En combien de temps avez-vous écrit La Ballade de Lila K ?
« J’ai mis deux ans pour écrire ce livre, j’ai commencé en février 2008 et je l’ai achevé en février 2010 ça a été un projet assez lourd pour moi. J’ai mon travail, mes enfants, tous les moments que je pouvais consacrer à l’écriture du livre, je les prenais. J’écrivais la nuit, les week-ends, les soirées... C’est vrai que ça a été un travail assez long. J’ai vraiment vécu avec les personnages pendant deux ans, j’étais complètement obsédée, et jusqu’au dernier moment je n’ai pas été sûr de le finir. »

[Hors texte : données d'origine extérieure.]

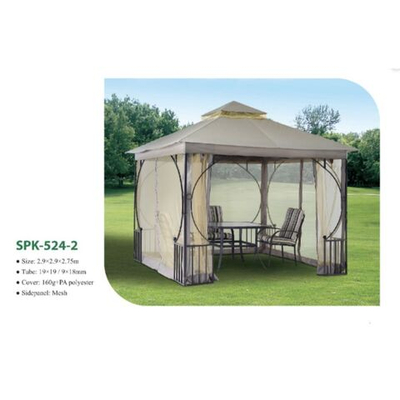 Беседки алюминиевые 3 метра на 3 метра spk-624-2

Comment avez-vous écrit ce livre ?
« Je n’ai pas de rituel d’écriture très précis ni de moment précis, j’écris une grande partie du temps à l’ordinateur et comme j’aime bien travailler aussi sur papier: j’imprime ce que j’ai écrit à l’ordinateur et je rature sur papier. Je rentre les corrections dans l’ordinateur et je réimprime. J’ai donc chez moi beaucoup d’étapes successives du roman. J’écris de façon un peu chaotique, j’écris sur tous les supports que je trouve, par exemple sur une nappe en papier. »
Comment vous vient l’inspiration ? Comment vous est venue l’idée d’écrire Lila K ?

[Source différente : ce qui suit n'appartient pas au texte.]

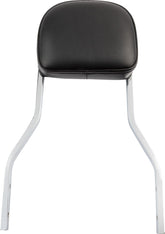 Cobra Short Square Sissy Bar Chrome With Pad Hd Sissy Bars Cobra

« C’est extrêmement mystérieux, ce qui est sûr par exemple pour la Ballade de Lila K. Je me suis inspirée d’un fait divers des années 80 qui avait beaucoup marqué la France. C’était un petit garçon qu’on avait découvert enfermé dans un placard par sa mère. Ce qui m’avait frappé, c’était le visage de la mère qui avait été publié dans les journaux. Elle était vraiment très belle ; une belle femme blonde, on ne se serait jamais imaginé qu’elle aurait été capable de faire une chose pareille et, des années plus tard, j’étais encore traumatisée : j’avais 9- 10 ans à l’époque. Quelques années plus tard, j’avais lu dans la presse une interview du jeune garçon, qui revenait sur son expérience (il était adolescent) et qui parlait avec intelligence et une telle lucidité ! D’ailleurs on sentait qu’il s’était reconstruit. Et il parlait de sa mère avec énormément d’amour et ça aussi ça m’a beaucoup, beaucoup frappé. C’est de ce personnage là, d’enfant martyr, qu’est partie l’inspiration de La Ballade de Lila K et après évidemment le projet a évolué.»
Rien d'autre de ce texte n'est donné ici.